Aunque Ulises no podía negar que fuese cierto la mayoría de lo que le decía, no creía inevitable que toda forma de vida inteligente se convirtiera en destructora de vida. La inteligencia tenía que ser algo, más que un vehículo al servicio de los intereses de la codicia.

– Llama a tus servidores, los hombres murciélago, y discutiéremos nuestros objetivos -transmitió Ulises-. Quizás podamos llegar a un entendimiento pacífico. Podremos luego vivir en paz. No hay razón para que luchemos

– ¡Los hombres han sido siempre destructores!

– Pon esas bombas junto a este diafragma -dijo Ulises a Wulka-. Empezaremos a trabajar aquí.

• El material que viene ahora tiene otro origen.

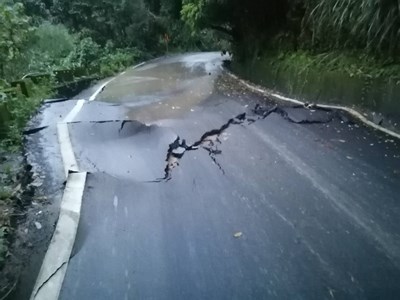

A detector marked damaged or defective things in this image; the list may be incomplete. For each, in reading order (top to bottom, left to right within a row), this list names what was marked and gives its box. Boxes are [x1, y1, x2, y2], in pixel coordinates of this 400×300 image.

Colocaron las bombas junto al gran disco y apilaron los ábacos junto a ellas. Encendieron varias mechas, y todo el grupo retrocedió de la gran sala a la siguiente. Cuando la explosión cesó de retumbar en la sala y se despejó el humo, volvieron al lugar del disco. El diafragma había desaparecido. En el centro de la zona donde había estado había una fibra redonda y blanquecina de unos siete centímetros de grosor. Tenía que ser el cable neurálgico.

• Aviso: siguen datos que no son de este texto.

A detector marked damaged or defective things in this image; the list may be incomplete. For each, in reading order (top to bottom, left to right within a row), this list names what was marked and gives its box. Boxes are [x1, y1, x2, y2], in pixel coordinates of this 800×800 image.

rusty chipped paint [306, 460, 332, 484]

– Comenzad a cavar alrededor de él -dijo Ulises-. Veamos si lleva hacia abajo.

Había tomado la precaución de estacionar algunos hombres con cohetes a la entrada. Como no había provocado reacción alguna la voladura del diafragma, parecía probable que aquella cámara no tuviese las mismas defensas que las cámaras de los gigantes. Quizás el Árbol no hubiese considerado necesario establecerlas allí, habiendo muchas fuerzas de los hombres murciélago.

Había sido un error.

En el momento en que comenzó la excavación en la madera semidura que rodeaba la fibra nerviosa, llegó la reacción. Quizás el Árbol hubiese quedado conmocionado por la explosión y acabase de recobrarse. Quizás… ¿quién podía saber lo que había causado la dilación? Fuera lo que fuese, el Árbol se había recobrado por completo. Los chorros de agua que brotaron de miles de agujeros ocultos hasta entonces en las paredes eran tan fuertes que derribaban incluso a los elefantinos neshgais. Ulises sintió como si le golpearan varios bastones manejados por gigantes. Cayó de costado y luego dio vueltas y vueltas hasta chocar con un montón de entremezclados y pateantes cuerpos a la entrada.

O lo que había sido la entrada. Había ahora en ella una gruesa membrana semitransparente. Había descendido de lo que antes era una pared sólida.